Soon after the district awarded the design to SSA Architecture (Las Vegas), the project team determined that typical construction methods used in the region would not be feasible within the approved budget. At the time, construction costs in Las Vegas were increasing on the order of 1.5 percent per month.

The district also faced rapidly rising energy costs, with the challenge of heating and cooling schools during extreme temperatures. The outside air in the Las Vegas desert often tops 100 degrees Fahrenheit and remains high throughout the night in the non-winter seasons. As a result, buildings frequently do not have a chance to cool down naturally, placing high loads on HVAC systems for many hours of the day.

SIPs enabled contractors to complete the building envelope in only 47 days ─ a 60-percent reduction from the scheduled 121 days.

To reduce the construction schedule and provide for an energy-efficient building envelope, the designers chose structural insulated panels (SIPs) from Premier Building Systems (Fife, Wash.) in place of concrete masonry units or other exterior building shell materials. The result was a 60-percent reduction in the exterior framing schedule and a lowering of the HVAC operating costs by an estimated 65 to 70 percent.

Because the SIPs arrived at the job site in large, ready-to-install pieces, contractors were able to complete the building envelope in 47 days versus the 121 days originally scheduled for dry-in. During that time, they installed approximately 118,000 square feet of SIP walls and roofs (2,250 panels).

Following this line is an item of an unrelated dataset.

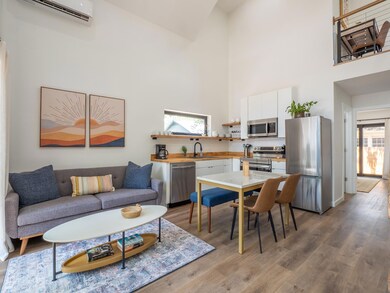 Living room with a towering ceiling, a wall mount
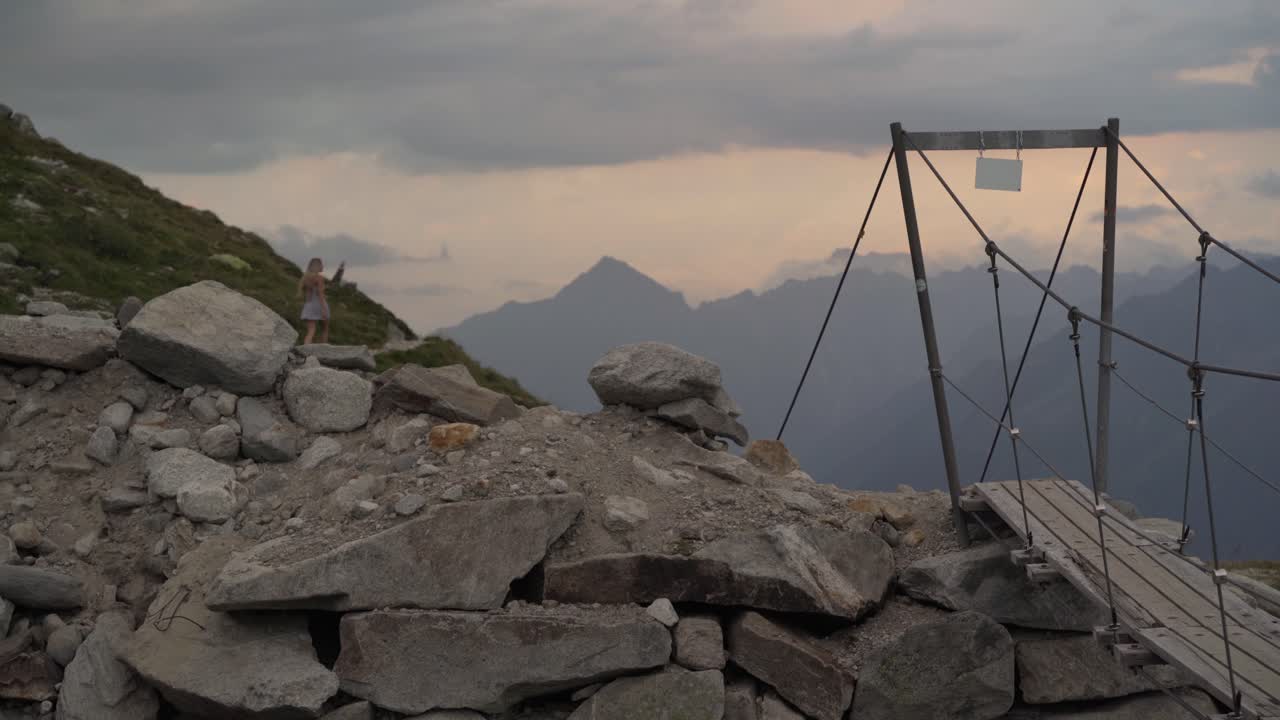 하얀 드레스를 입은 금발 소녀가 산길을 걷고 있다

Large-size panels reduce thermal bridging and provide effective insulation in both hot and cold climates.

“The general contractor was shocked at how fast the panels installed; he said he’d never seen that size of schedule reduction,” said Gary Radzat, president of Shell Building Systems (Sebastopol, Calif.), SIP design and installation consultant for the Manch School.

An additional factor in speeding the construction is that the SIPs were manufactured with pre-cut electrical chases. This reduced the need to drill or modify the framing for installation of wires. The original labor plan estimated a need for 12 electrical workers, but the SIP construction helped reduce this to three, saving both time and money.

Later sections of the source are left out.